Extracted records.
========

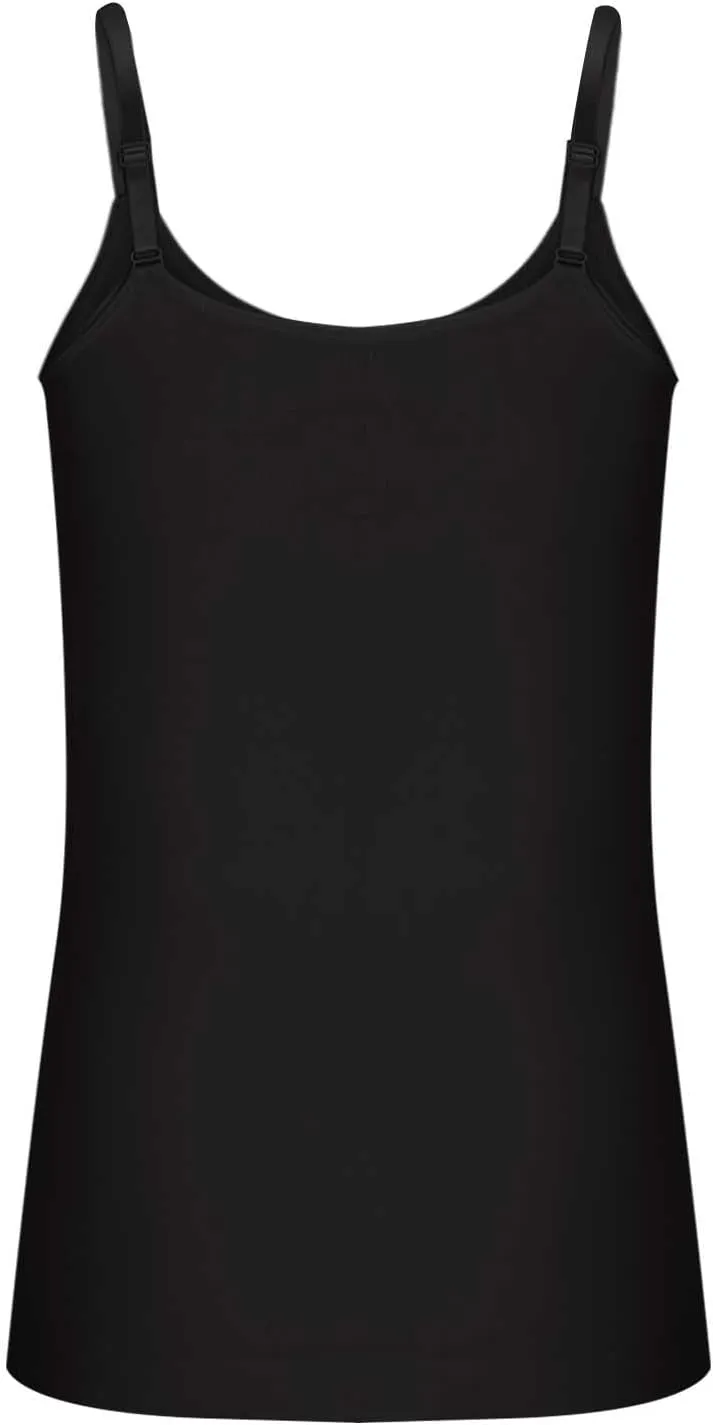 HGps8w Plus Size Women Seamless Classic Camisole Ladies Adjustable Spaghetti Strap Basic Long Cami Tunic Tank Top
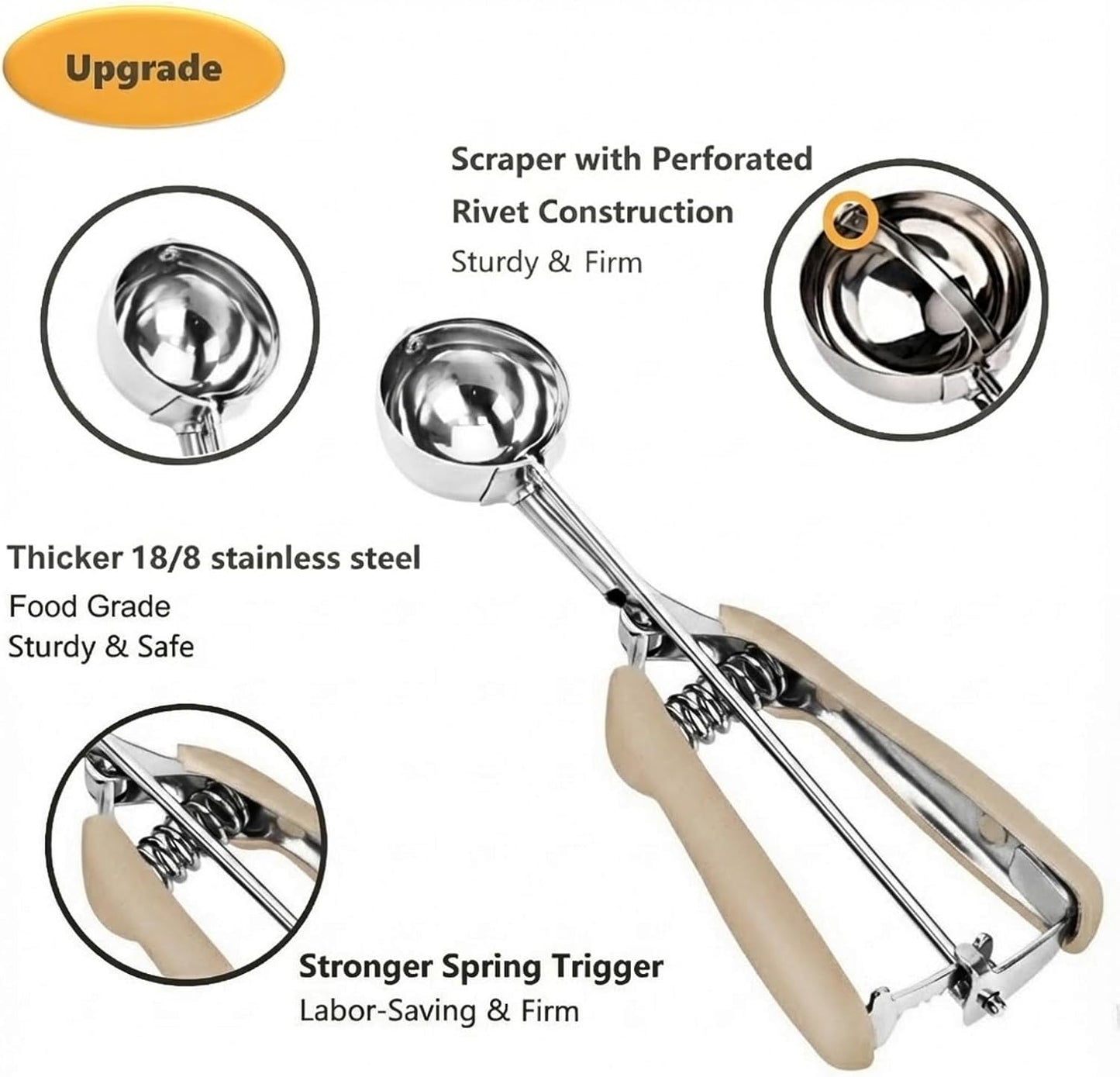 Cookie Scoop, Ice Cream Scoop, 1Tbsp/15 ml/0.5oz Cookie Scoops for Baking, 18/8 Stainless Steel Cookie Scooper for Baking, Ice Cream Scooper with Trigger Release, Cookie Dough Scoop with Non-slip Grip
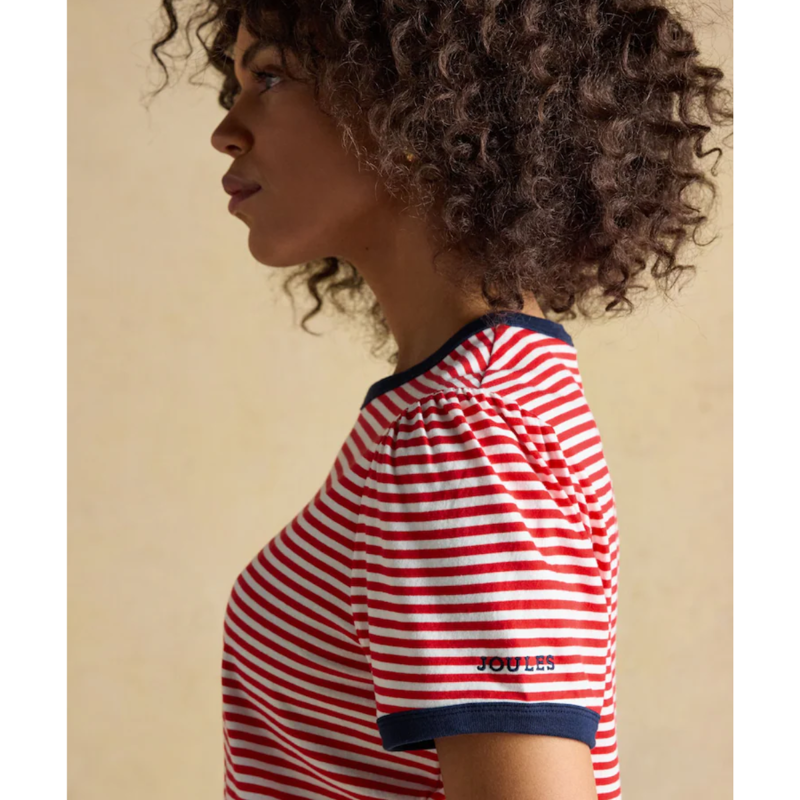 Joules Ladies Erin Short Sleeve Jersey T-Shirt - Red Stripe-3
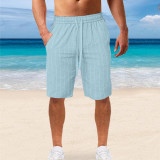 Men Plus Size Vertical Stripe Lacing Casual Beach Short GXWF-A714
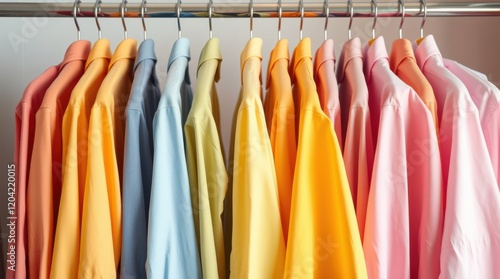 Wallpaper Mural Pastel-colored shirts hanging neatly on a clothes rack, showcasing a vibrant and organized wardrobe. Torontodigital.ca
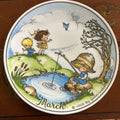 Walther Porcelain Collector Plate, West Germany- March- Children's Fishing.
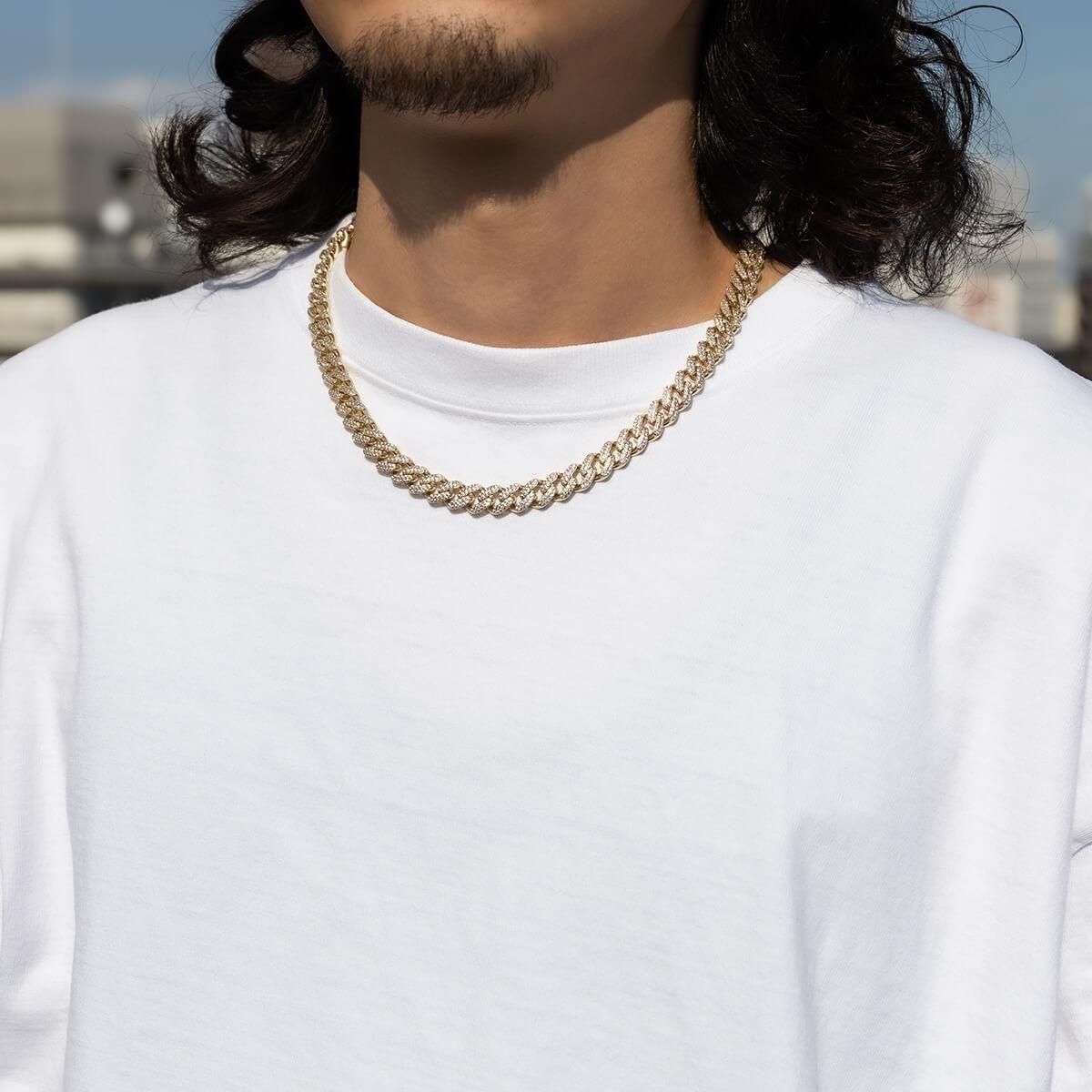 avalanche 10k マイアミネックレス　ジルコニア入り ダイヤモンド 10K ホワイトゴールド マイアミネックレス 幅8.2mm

========

ACTIVITY. Type the records out again in full, exactly, with each picture omitted.

RESPONSE FOR THIS EXERCISE.
 HGps8w Plus Size Women Seamless Classic Camisole Ladies Adjustable Spaghetti Strap Basic Long Cami Tunic Tank Top
 Cookie Scoop, Ice Cream Scoop, 1Tbsp/15 ml/0.5oz Cookie Scoops for Baking, 18/8 Stainless Steel Cookie Scooper for Baking, Ice Cream Scooper with Trigger Release, Cookie Dough Scoop with Non-slip Grip
 Joules Ladies Erin Short Sleeve Jersey T-Shirt - Red Stripe-3
 Men Plus Size Vertical Stripe Lacing Casual Beach Short GXWF-A714
 Wallpaper Mural Pastel-colored shirts hanging neatly on a clothes rack, showcasing a vibrant and organized wardrobe. Torontodigital.ca
 Walther Porcelain Collector Plate, West Germany- March- Children's Fishing.
 avalanche 10k マイアミネックレス　ジルコニア入り ダイヤモンド 10K ホワイトゴールド マイアミネックレス 幅8.2mm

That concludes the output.